Комментаторы нагнетали обстановку, призывая к попыткам бежать из города, даже ценой своей жизни: оставшимся будет несравнимо хуже. До «часа икс» оставалось несколько минут. Потенциальные жертвы были неисчислимы.

«ОТДАЙ СЫНА!»
И я сдался… Малодушно сдался… На одной чаше весов был мир для всего города и большого количества знакомых и незнакомых мне людей, на другой – война и мой сын.
У меня больше не было ни времени, ни сил, чтобы обсуждать, выяснять, задавать вопросы, почему вдруг оказалось так, что лично от меня, ничем не примечательного гражданина своей страны, зависит так много…
Проклиная себя за малодушие, я сдался.

Прошло несколько дней. Я похоронил своего пятилетнего сына.

Война закончилась, принеся обеим сторонам невосполнимые потери, но начиналась новая жизнь – без войны, без новых смертей, без новых разрушений…

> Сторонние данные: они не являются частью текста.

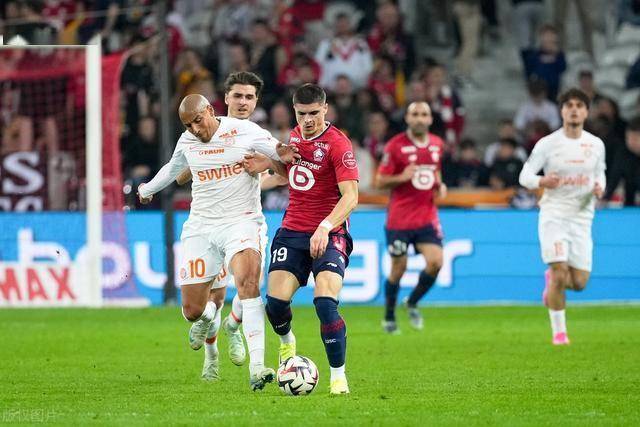 包含南特主场不敌莱阿瓦，保级压力增大的词条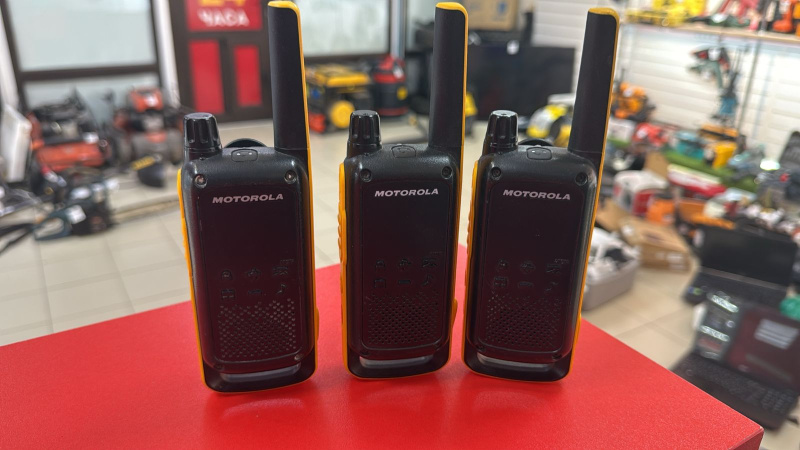 Рации Motorola TALKABOUT (3 ШТ)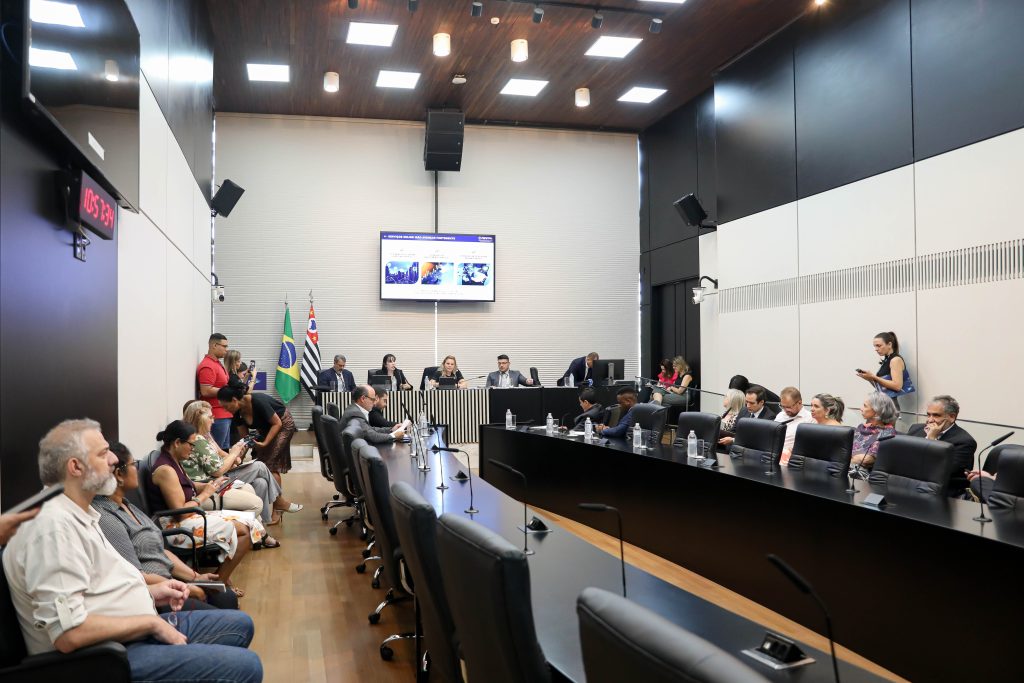 PRESIDENTE DA FRENINFRA RELATA PRECARIZAÇÃO DAS TELECOMUNICAÇÕES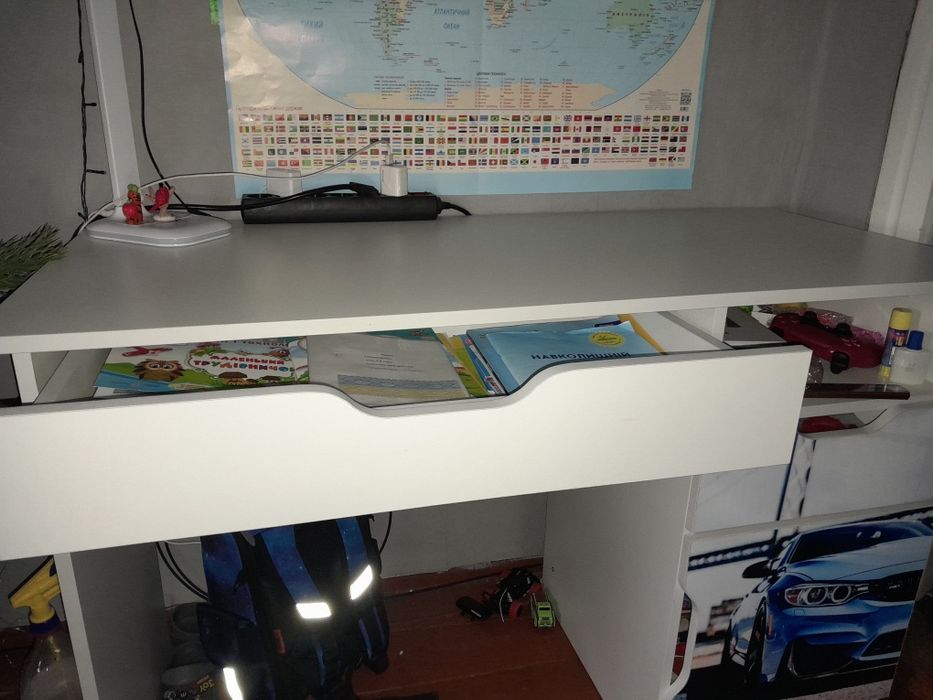 Продам  письмовий стіл 1200/550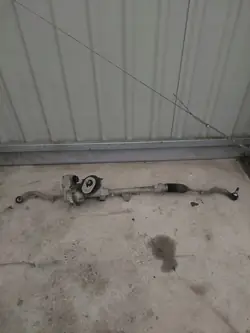 BMW 2 F45 F46 MAGLOWNICA OEM 9892295 - Usado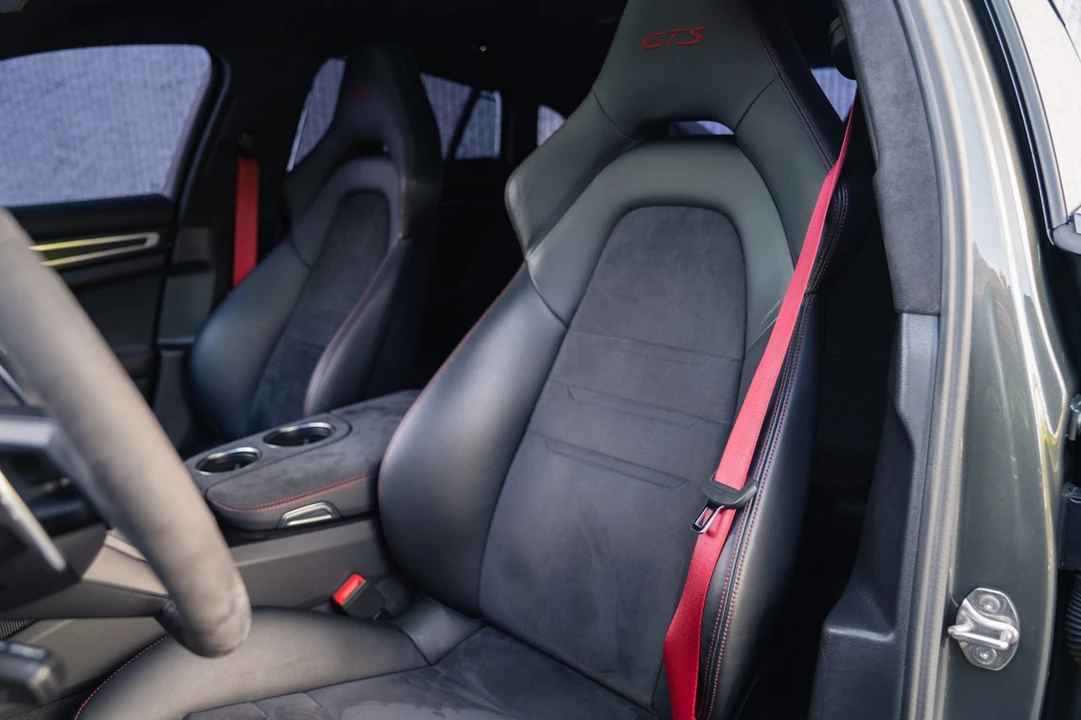 2023 Porsche 971 Panamera GTS - Image 28 of 31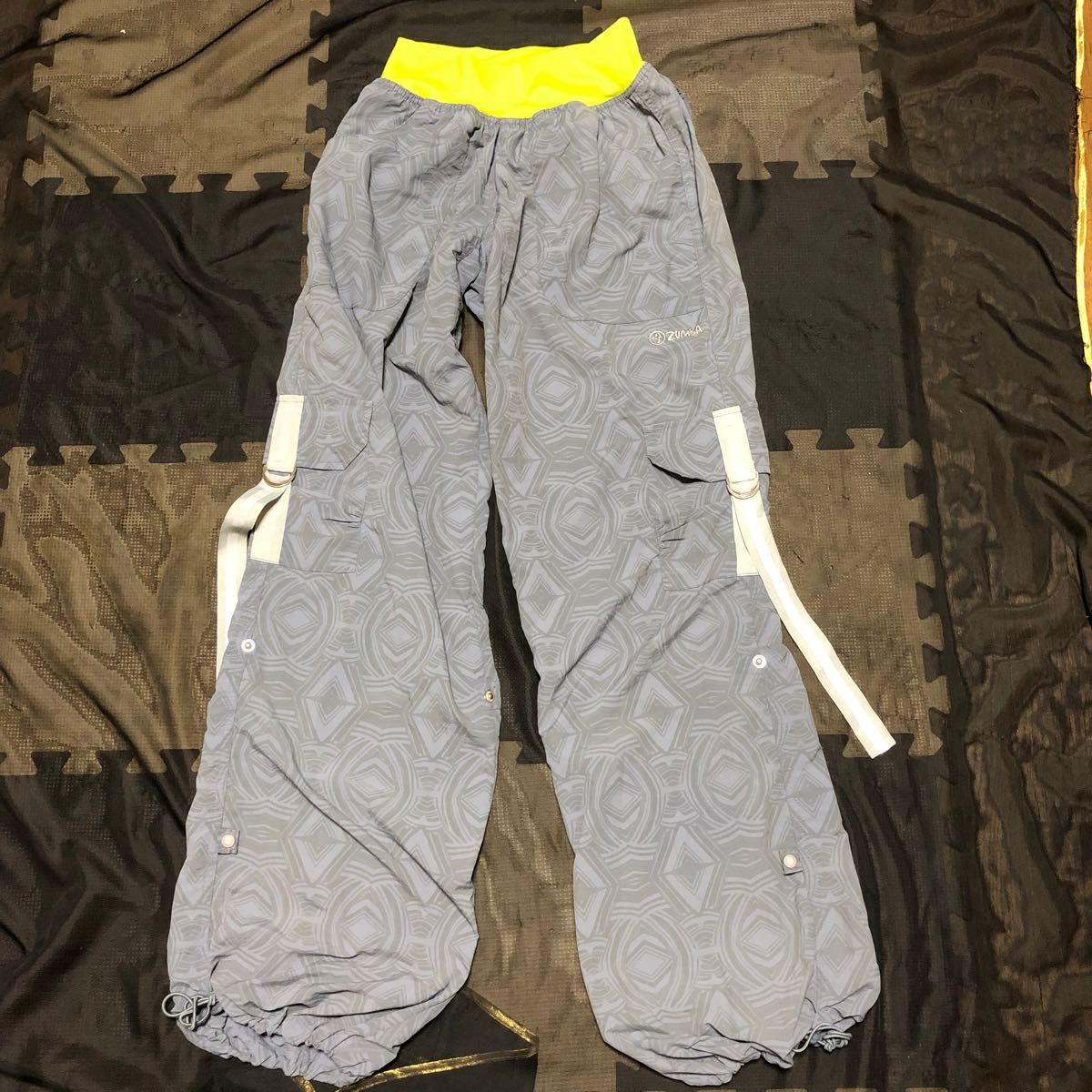 ZUMBAカーゴパンツ 正規品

Я решил, что никогда и никому, ни при каких обстоятельствах не расскажу того, что со мной произошло.

…С тех пор прошло уже несколько лет, но я помню об этом каждый день. И каждую ночь, когда приходит апрель и тает снег, я выхожу на балкон и курю по несколько часов подряд.
И каждую ночь мне не даёт покоя одна мысль: есть в этом мире что-то, непонятное и неподвластное нам. Какие-то свои законы, на которых построена вся наша Вселенная. И надо быть сумасшедшим – или иметь огромное мужество, чтобы отдать своего собственного сына в жертву миру на Земле.
И, мне кажется, что я понял, наконец, что произошло больше двух тысяч лет назад: Он отдал своего сына не потому, что это была Его личная воля. Просто Он не мог иначе – я чувствовал это всем своим естеством, всей кожей.
Я отдал своего сына точно так же, как Он, я выполнил то, чего от меня требовали… это, наверно, глупо, что я даже не могу объяснить, кто требовал от меня такой страшной жертвы… Наверное, это просто должно было произойти, чтобы остановить войну, и я просто принял это как данность...

Но теперь я понял, что я больше никому ничего не должен.
И я не собираюсь продолжать своё бессмысленное существование и казнить себя каждую ночь за то, что сделал когда-то.
Не судите меня - вы не знаете, как бы вы поступили на моём месте. И не дай вам Бог оказаться в такой ситуации.